© JUNGE FREIHEIT Verlag GmbH & Co.  www.jungefreiheit.de  18/10 30. April 2010

Frisch gepresst

Afghanistan. Spätestens mit der Anbahnung von Kontakten zwischen Bundestagsabgeordneten und der Hamas verspielte der Journalist Christoph R. Hörstel 2006 den allerletzten Kredit der „hohen Politik“, da er mit dieser versuchten Neuausrichtung der Palästina-Politik die pro-israelische Doktrin Berlins herausforderte. Unbeliebt hatte sich der langjährige ARD-Sonderkorrespondent für den Nahen und Mittleren Osten da bereits mit seinen Thesen gemacht, die USA hätten lange vor dem 11. September 2001 ihr „Engagement“ in Afghanistan geplant oder hielten den Konflikt durch geheimdienstliche Unterstützung der Taliban via Pakistan künstlich am Leben. Nun porträtiert er in einer lesenswerten Analyse das Dilemma am Hindukusch, indem er folgerichtig auch die Rückzugsräume der Taliban in Pakistan in seine strategische Überlegungen mit einbezieht. In diesen formuliert er fern aller gutmenschlichen „nation building“-Rhetorik eine politisch-militärische „Exit-Strategie“, die allerdings – so befürchtet Hörstel – wegen der kriegstreiberischen Absichten der CIA-Zentrale in Langley schwer hintertrieben werde (Afghanistan–Pakistan: Nato am Wendepunkt. Kai Homilius Verlag, Berlin 2010, broschiert, 132 Seiten, 7,50 Euro).

 

Lehmann. Nicht gesetzmäßig entsteht „Weltliteratur“ allein an kosmopolitisch inspirierten Örtchen wie Pacific Palisades.
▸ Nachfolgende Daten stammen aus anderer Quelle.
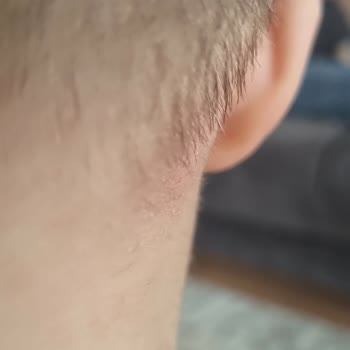 Helba Losyonda Ne Gibi Bir Yan Etki Olabilir?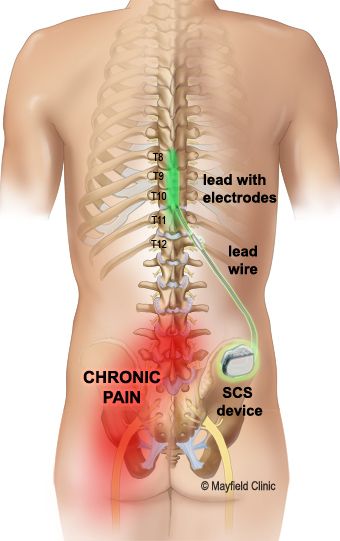 Spinal Degeneration, Spinal Cord Stimulator, Spine Problems, Spinal Fusion, Spinal Nerve, Human Body Anatomy, Lower Extremity, Spine Health, Nerve Pain Relief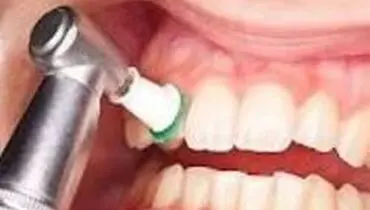 باید و نبایدهای جرم گیری دندان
Um Thomas Mann zu variieren: Es muß nicht immer Kalifornien sein, Eckernförde tut es auch. Und Weltliteratur ist in der Ostseestadt ohne jede Frage zu Papier gebracht worden. Der sie schuf, der Gymnasiallehrer Wilhelm Lehmann (1882–1968), steht für den Freiburger Germanisten Uwe Pörksen in einer Reihe mit den überragenden schleswig-holsteinischen Schriftstellern Friedrich Hebbel, Theodor Storm und Thomas Mann. Höchste Zeit sei es, diesen Dichter stärker ins öffentliche Bewußtsein zu rücken. Wie Mann in Lübeck, Hebbel in Wesselburen, Storm in Husum sollte auch Lehmann ein Museum in seiner Heimatstadt erhalten. Den Anspruch darauf untermauert Pörksens Göttinger Kollege Heinrich Detering, wenn er in der neuen Jahresgabe der Lehmann-Gesellschaft (Merlinszeit. Wilhelm Lehmann braucht ein Haus in Eckernförde. Wallstein Verlag, Göttingen 2010, broschiert, 104 Seiten, 10 Euro) das grandiose „Bukolische Tagebuch 1927–1932“ zu Ernst Jüngers „surrealistischem“ Prosawerk in Beziehung setzt, zur ersten Fassung von „Das abenteuerliche Herz“ (1929), zu Döblins und Brechts Avantgardismus, zur Weisheit Chinas, zum „ökologischen Klassiker“ Henry Thoreau. Schade nur, daß Detering im Eifer des Gefechts seinen anderen Hausgott, den lupenreinen Stalinisten Bert Brecht, in politisch-mortalischer Äquidistanz zu „den Nazis“ wie zum „stalinistischen Terror“ plaziert.